Last known Nazi to hide in the U.S. dies, age 95

Former US ambassador to Germany Richard Grenell praised American President Donald Trump for deporting Paliji, "something multiple presidents just talked about" he said.

A neo Nazi attends a rally in Budapest October 23, 2009. The words, the motto of the S.S., read "my honor is my loyalty" (photo credit: LASZIO BALOGH/REUTERS)
A neo Nazi attends a rally in Budapest October 23, 2009. The words, the motto of the S.S., read "my honor is my loyalty"
(photo credit: LASZIO BALOGH/REUTERS)
Former Nazi collaborator Jakiw Palij, the last known Nazi to be stripped of his American citizenship and deported from the US, died in Germany on Saturday at  95, BBC reported.
US Ambassador to Germany, Richard Grenell, praised US President Donald Trump for deporting Palij, “something multiple presidents just talked about,” he said.

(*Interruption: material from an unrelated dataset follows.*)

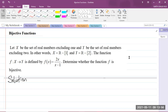Bijective functions mean that the function is both injective and surjective. We'll first need to prove that the function is injective, and then prove that it is surjective. X here is the domain, which is the set of real numbers excluding 1, and Y is the codomain, which is the set of real numbers excluding 2. Please remember not to confuse codomain and range — range is a subset of the codomain.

Palij was born in 1923 in what was known as Poland at the time and is modern-day Ukraine, where he served as a guard in Trawniki in 1941 ,when Poland was under Nazi occupation.
Used by the SS as a training camp, the place also housed a labor camp where thousands of Jewish people perished, including 6,000 men who were killed in one day in 1943.
Palij entered the US in 1949 and became a naturalized citizen in 1957. After his war-time activities became known, he was ordered to leave the country in 2004, yet neither Germany, Ukraine nor Poland agreed to accept him. Germany decided to accept him in 2018.